What is an Open Data Lake in the Cloud?

Data Driven Insights diagram

Problems that necessitate a data lake

In today’s competitive landscape, companies are increasingly leveraging their data to make better decisions, providing value to their customers, and improving their operations. Data-driven insights can help business and product leaders hone in on customer needs and/or find untapped opportunities. Also, analytics dashboards can be presented to customers for added value. Traditionally, insights are gleaned from rather small amounts of enterprise data which is what you’d expect – historical information about products, customers, and sales. But now, the modern business must deal with 1000s of times more data, which encompasses more types of data and is far beyond Enterprise Data. Examples include 3rd party data feeds, IoT sensor data, event data, geospatial and other telemetry data.

The problem with having 1000s of times the data is that databases, and specifically data warehouses, can be very expensive. And data warehouses are optimized to handle relational data with a well-defined structure and schema. As both data volumes and usage grow, the costs of a data warehouse can easily spiral out of control. Those costs, coupled with the inherent lock-in associated with data warehouses, have left many companies looking for a better solution, either augmenting their enterprise data warehouse or moving away from them altogether. 

The Open Data Lake in the cloud is the solution to the massive data problem. Many companies are adopting that architecture because of better price-performance, scale, and non-proprietary architecture. 

The Open Data Lake in the cloud centers on S3-based object storage. In AWS, there can be many S3-buckets across an organization. In Google Cloud, there is a service called Google Cloud Store (GCS) and in Microsoft Azure it is called Azure blob store. The data lake can store the relational data that typically comes from business apps like the data warehouse stores. But the data lake also stores non-relational data from a variety of sources as mentioned above. The data lake can store structured, semi-structured, and/or unstructured data.

With all this data stored in the data lake, companies can run different types of analytics directly, such as SQL queries, real-time analytics, and AI/Machine Learning. A metadata catalog of the data enables the analytics of the non-relational data. 

Why Open for Data Lakes

As mentioned, companies have the flexibility to run different types of analytics, using different analytics engines and frameworks.

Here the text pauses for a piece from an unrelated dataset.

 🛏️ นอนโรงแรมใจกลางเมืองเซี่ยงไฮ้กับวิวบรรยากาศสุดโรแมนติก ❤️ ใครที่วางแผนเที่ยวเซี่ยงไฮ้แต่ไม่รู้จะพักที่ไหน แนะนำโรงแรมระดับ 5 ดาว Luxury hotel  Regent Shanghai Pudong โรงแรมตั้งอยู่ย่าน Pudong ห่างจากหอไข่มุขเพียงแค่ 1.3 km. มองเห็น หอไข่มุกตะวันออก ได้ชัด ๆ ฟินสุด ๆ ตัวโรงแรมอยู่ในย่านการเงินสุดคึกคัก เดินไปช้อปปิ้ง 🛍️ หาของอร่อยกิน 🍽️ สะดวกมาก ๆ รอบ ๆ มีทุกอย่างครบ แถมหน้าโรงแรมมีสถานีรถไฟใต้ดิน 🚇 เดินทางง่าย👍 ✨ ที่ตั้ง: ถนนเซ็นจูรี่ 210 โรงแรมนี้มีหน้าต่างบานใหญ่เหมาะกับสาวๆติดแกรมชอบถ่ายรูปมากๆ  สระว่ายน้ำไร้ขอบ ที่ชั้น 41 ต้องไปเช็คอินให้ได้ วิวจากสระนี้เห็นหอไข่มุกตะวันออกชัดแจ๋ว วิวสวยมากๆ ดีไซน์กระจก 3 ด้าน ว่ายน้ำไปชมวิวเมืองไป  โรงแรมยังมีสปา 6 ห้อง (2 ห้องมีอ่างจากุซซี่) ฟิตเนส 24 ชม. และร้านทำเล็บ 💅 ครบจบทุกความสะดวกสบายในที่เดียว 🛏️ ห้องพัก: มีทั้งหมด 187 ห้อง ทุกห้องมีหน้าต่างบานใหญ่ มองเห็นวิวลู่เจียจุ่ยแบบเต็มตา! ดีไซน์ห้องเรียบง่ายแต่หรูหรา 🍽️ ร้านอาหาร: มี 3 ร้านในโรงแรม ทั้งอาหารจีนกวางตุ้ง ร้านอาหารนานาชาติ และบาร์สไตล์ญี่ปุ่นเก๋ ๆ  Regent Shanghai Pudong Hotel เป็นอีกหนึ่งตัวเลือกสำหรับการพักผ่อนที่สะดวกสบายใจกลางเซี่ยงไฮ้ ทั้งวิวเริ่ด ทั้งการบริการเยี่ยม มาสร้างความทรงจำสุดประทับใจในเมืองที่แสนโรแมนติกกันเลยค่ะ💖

Storing the data in open formats is the best-practice for companies looking to avoid the lock-in of the traditional cloud data warehouse. The most common formats of a modern data infrastructure are open, such as Apache Parquet and ORC. They are designed for fast analytics and are independent of any platform. Once data is in an open format like Parquet, it would follow to run open source engines like Presto on it. Ahana Cloud is a Presto managed service which makes it easy, secure, and cost efficient to run SQL on the Open Data Lake. 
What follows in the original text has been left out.